Task:
Omit all pictures, then retype the data exactly as given.

*** Block opens ***

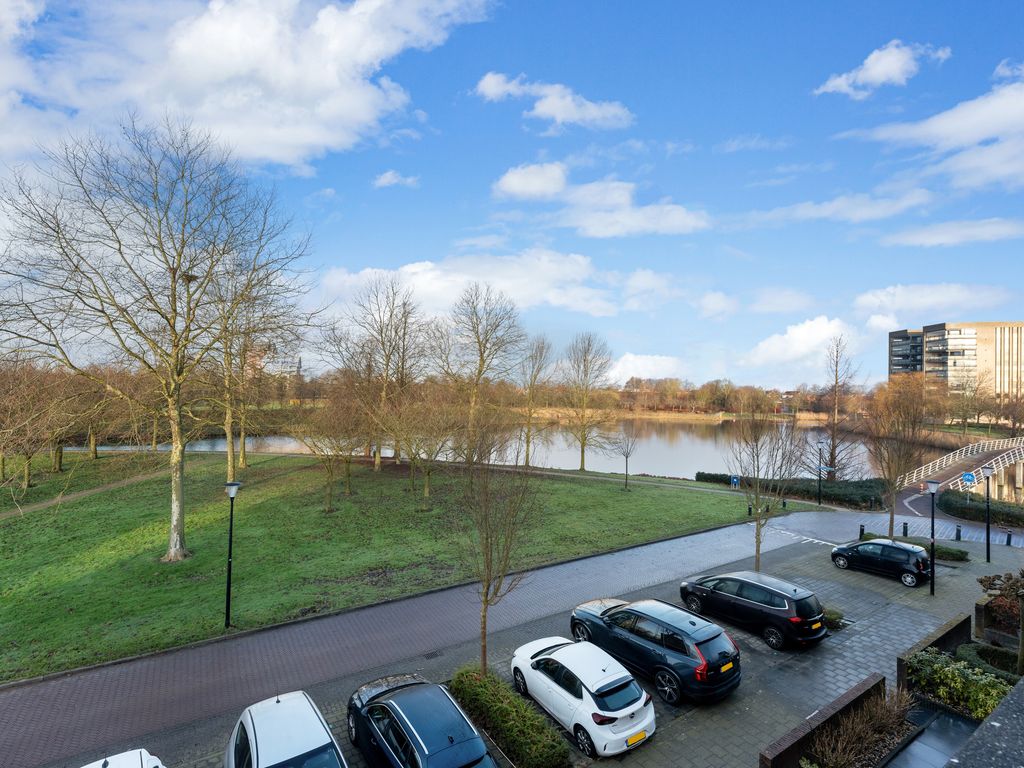 Randmeer 49, Barendrecht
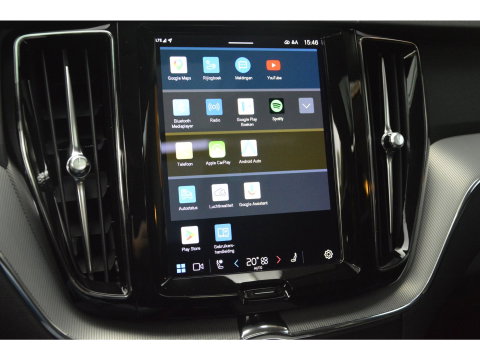 Volvo XC60 T6 Hybride AWD Plus Dark LONG RANGE | Panoramadak | Camera | Trekhaak | Pilot-Assist | Memory stoelen |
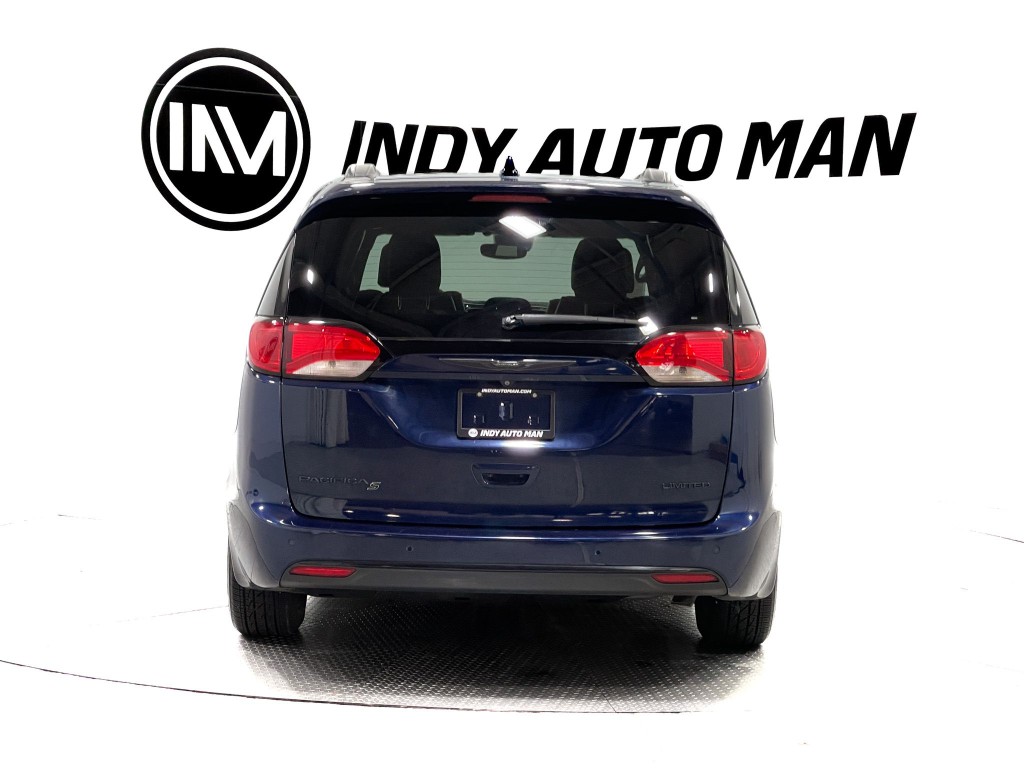 2020 Chrysler Pacifica Image 5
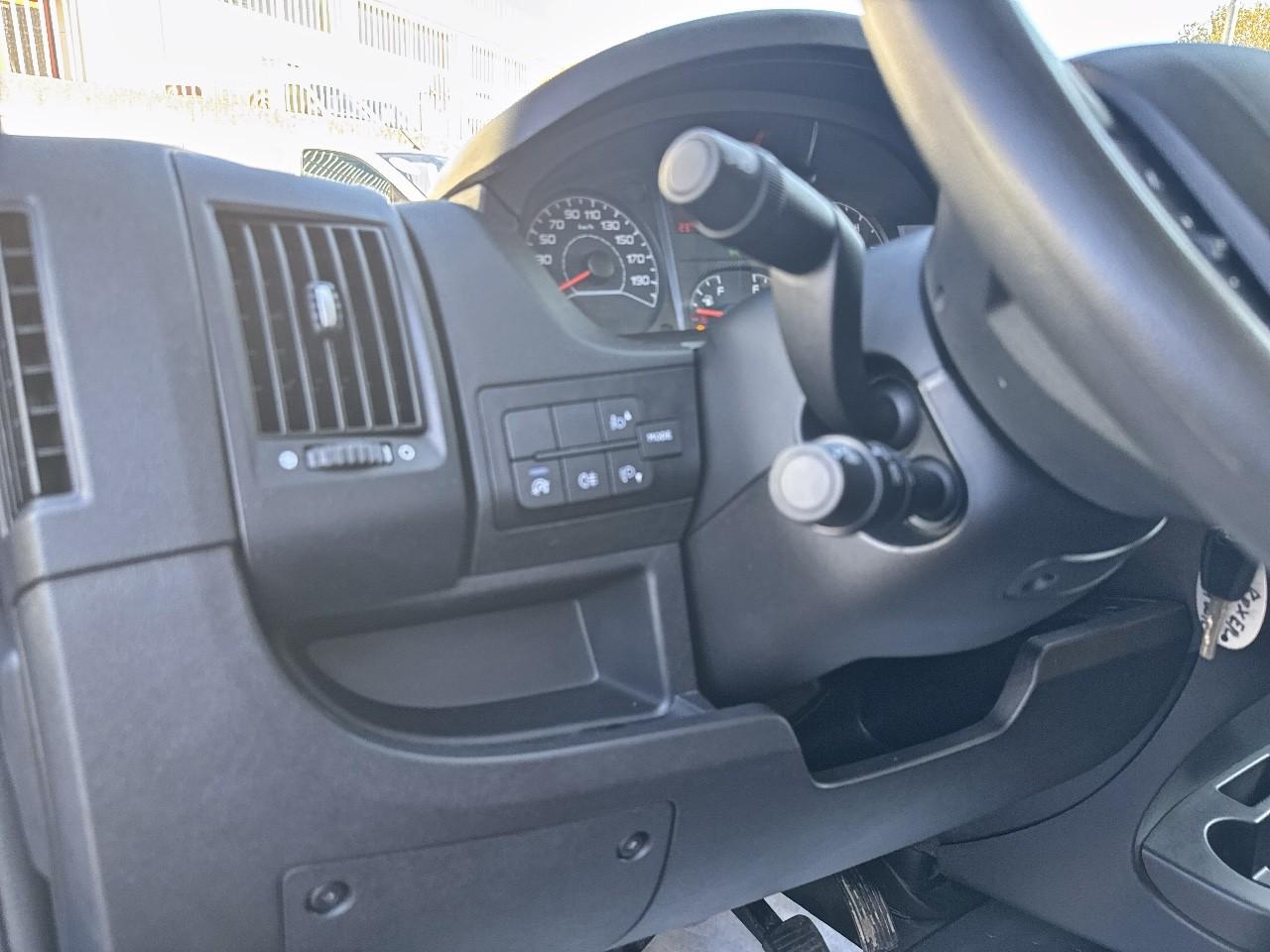 Peugeot Peugeot Boxer usata, con chiamata di emergenza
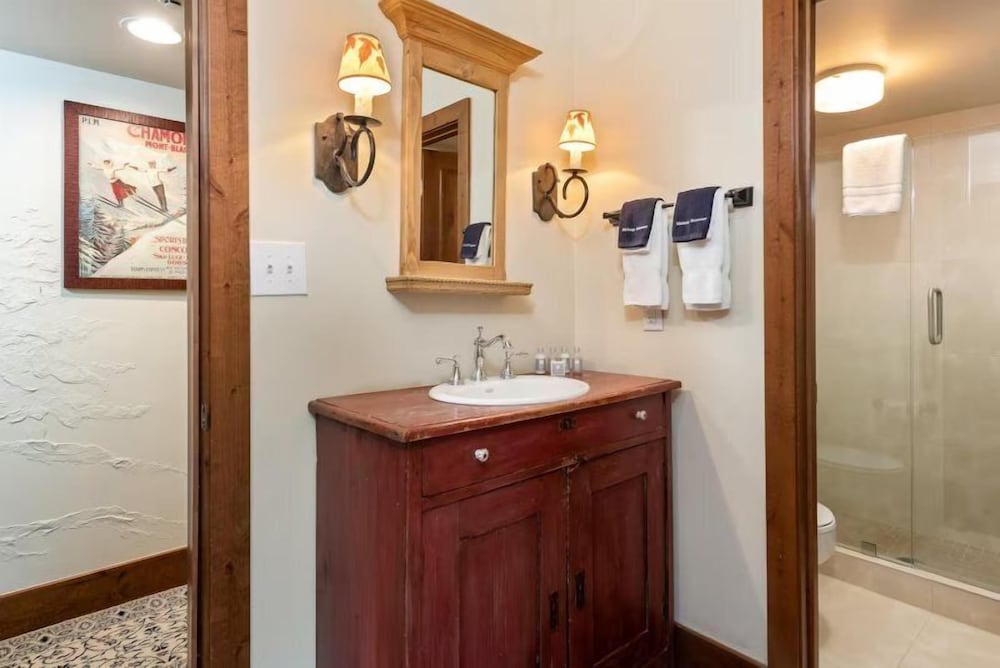 Modern 2 Bedroom Condo at the Base of Vail Mountain Next to Gondola One
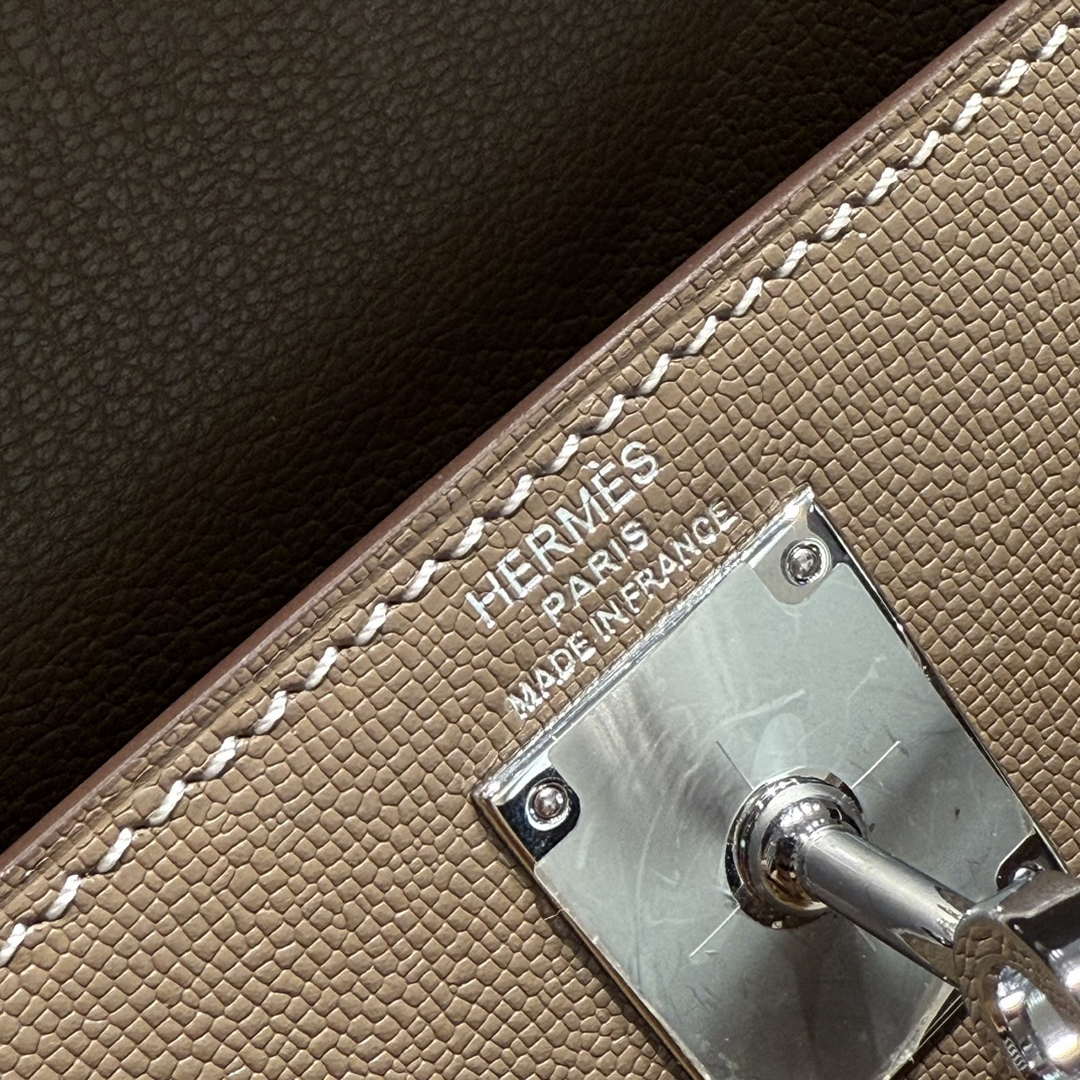 Hermes Lychee pattern Kelly Elan Clutch Bag H232006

*** Block closes ***

Problem solution:
 Randmeer 49, Barendrecht
 Volvo XC60 T6 Hybride AWD Plus Dark LONG RANGE | Panoramadak | Camera | Trekhaak | Pilot-Assist | Memory stoelen |
 2020 Chrysler Pacifica Image 5
 Peugeot Peugeot Boxer usata, con chiamata di emergenza
 Modern 2 Bedroom Condo at the Base of Vail Mountain Next to Gondola One
 Hermes Lychee pattern Kelly Elan Clutch Bag H232006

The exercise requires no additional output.